#### Dataset excerpts

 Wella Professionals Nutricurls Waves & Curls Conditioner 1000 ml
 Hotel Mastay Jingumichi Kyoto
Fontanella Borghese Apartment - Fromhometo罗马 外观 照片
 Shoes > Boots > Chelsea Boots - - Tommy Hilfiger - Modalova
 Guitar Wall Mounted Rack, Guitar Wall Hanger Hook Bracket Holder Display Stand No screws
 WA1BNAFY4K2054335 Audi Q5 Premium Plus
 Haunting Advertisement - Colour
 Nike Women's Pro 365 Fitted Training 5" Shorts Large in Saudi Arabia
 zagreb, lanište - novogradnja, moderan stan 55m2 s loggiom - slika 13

########
#### Dataset excerpts

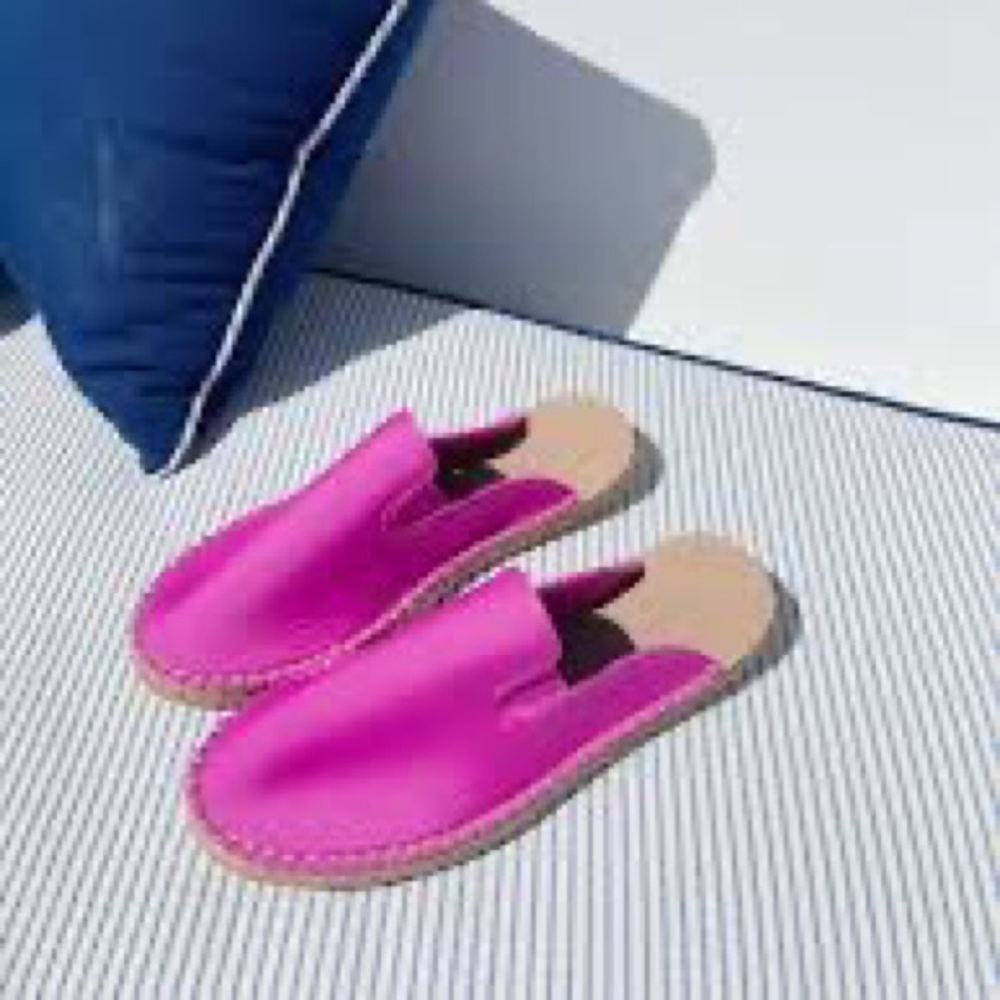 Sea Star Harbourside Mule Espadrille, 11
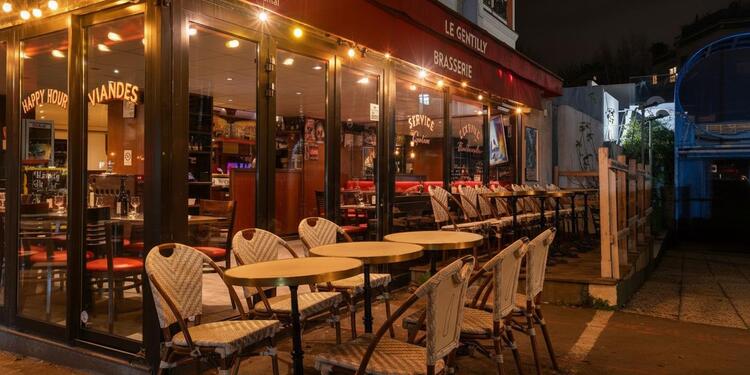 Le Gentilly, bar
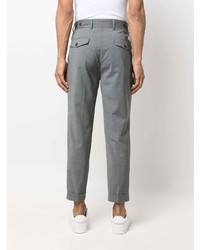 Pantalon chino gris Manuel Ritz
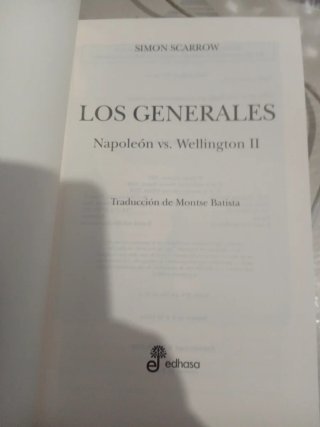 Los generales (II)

########
#### Dataset excerpts

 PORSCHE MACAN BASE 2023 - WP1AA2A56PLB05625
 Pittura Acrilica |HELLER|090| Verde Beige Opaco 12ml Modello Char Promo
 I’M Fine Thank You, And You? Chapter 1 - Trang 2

########

> **Assigned task**
In the listing above, find the line with "Haunting Advertisement - Colour" and the line with "zagreb, lanište - novogradnja, moderan", then reproduce both and every line between them exactly.

> **Your response**
 Haunting Advertisement - Colour
 Nike Women's Pro 365 Fitted Training 5" Shorts Large in Saudi Arabia
 zagreb, lanište - novogradnja, moderan stan 55m2 s loggiom - slika 13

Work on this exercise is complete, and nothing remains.